Nightingale couldn’t take his eyes from the printed fortune. He was holding it so tightly that his finger and thumb had gone white.

‘Jack?’ said Jenny. She reached over and pulled the slip away from him. Nightingale sagged in his seat, his arms folded across his chest. She read it, and smiled. ‘It’s not so bad,’ she said. ‘“Never take a stranger at his word, but remember that friends can also lie.” Good advice, if you ask me.’

Nightingale snatched the piece of paper from her. ‘NEVER TAKE A

STRANGER AT HIS WORD, BUT REMEMBER THAT FRIENDS CAN ALSO LIE.’

Nightingale wiped his face with his left hand, blinked several times and read it again.

‘Jack, what is it?’

Nightingale turned the slip of paper over. The back was blank.

‘You look like you’ve seen a ghost.’

He tossed the fortune onto the table. ‘I’m just tired,’ he said. ‘My eyes are playing tricks on me.’

‘What did you think it said?’

‘Nothing.’

‘Don’t lie to me, Jack.’

Nightingale massaged the bridge of his nose. ‘I’m just tired, kid.’

‘Don’t “kid” me,’ she said. She picked up the scrap of paper. ‘This is the normal sort of fortune rubbish you find in every cookie, but when you looked at it, it was as if you were reading your death warrant.’

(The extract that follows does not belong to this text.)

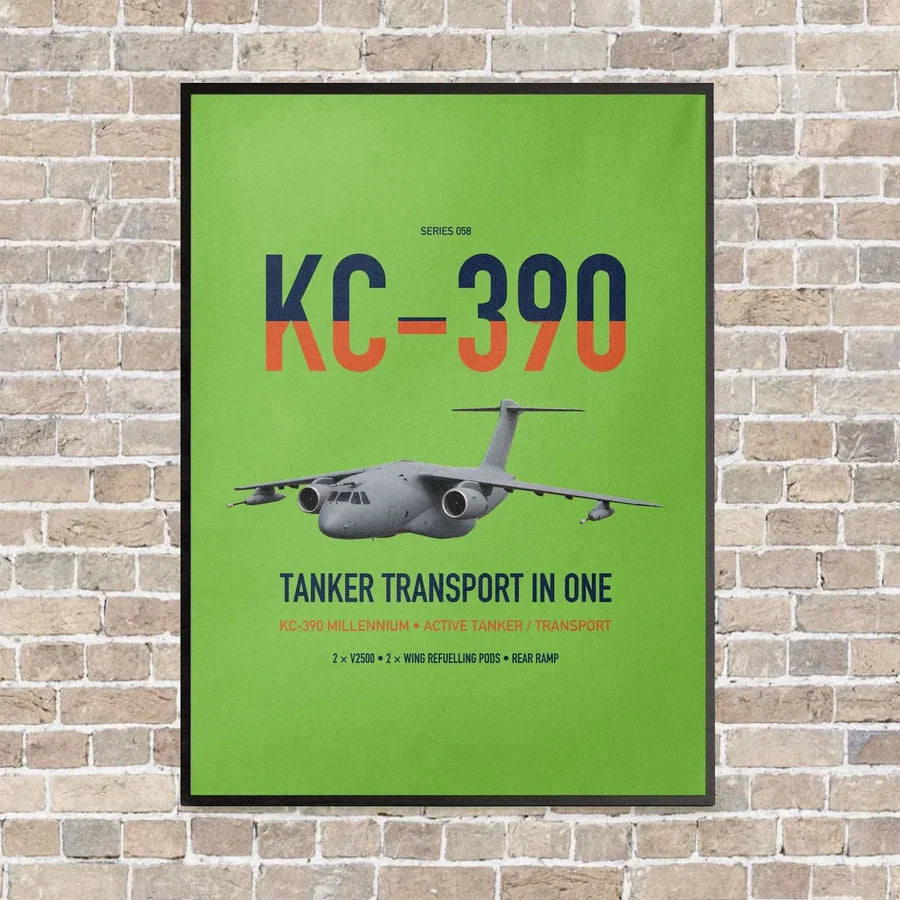 Embraer KC-390 Millennium vertical canvas print - framed - light green background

‘It was nothing,’ said Nightingale.

‘I’m serious, Jack. Don’t you dare lie to me.’

‘It’s a long story.’

‘I’m not going anywhere.’

Nightingale sighed. ‘Okay. I thought it said I was going to hell. That’s what it said the first time I read it.’

‘That you were going to hell?’

‘That’s right. That I, Jack Nightingale, was going to hell.’

‘So you misread it. No big deal.’ She frowned. ‘Those words mean something, don’t they?’

‘My uncle wrote them before he died. In blood. In his bathroom.’

Jenny gasped. ‘Why didn’t you tell me that before?’

‘Because… I don’t know, Jenny. I thought maybe I’d imagined it. Like I imagined it just now, when I read the fortune.’

‘Why would your uncle tell you that you were going to hell?’

‘I’ve no idea. But those words keep cropping up.’

‘Since when?’

‘Like I said, it’s a long story.’

‘Jack…’

‘Okay, okay,’ said Nightingale. He sighed and put his head in his hands. He had never told Jenny about Sophie Underwood, or what had happened to her father. It wasn’t something he wanted to talk about, but as he sat in the Chinese restaurant and stared at the tablecloth stained with the food that had slipped from his chopsticks he told her everything that had happened on that chilly November morning. Or, at least, as much as he could remember.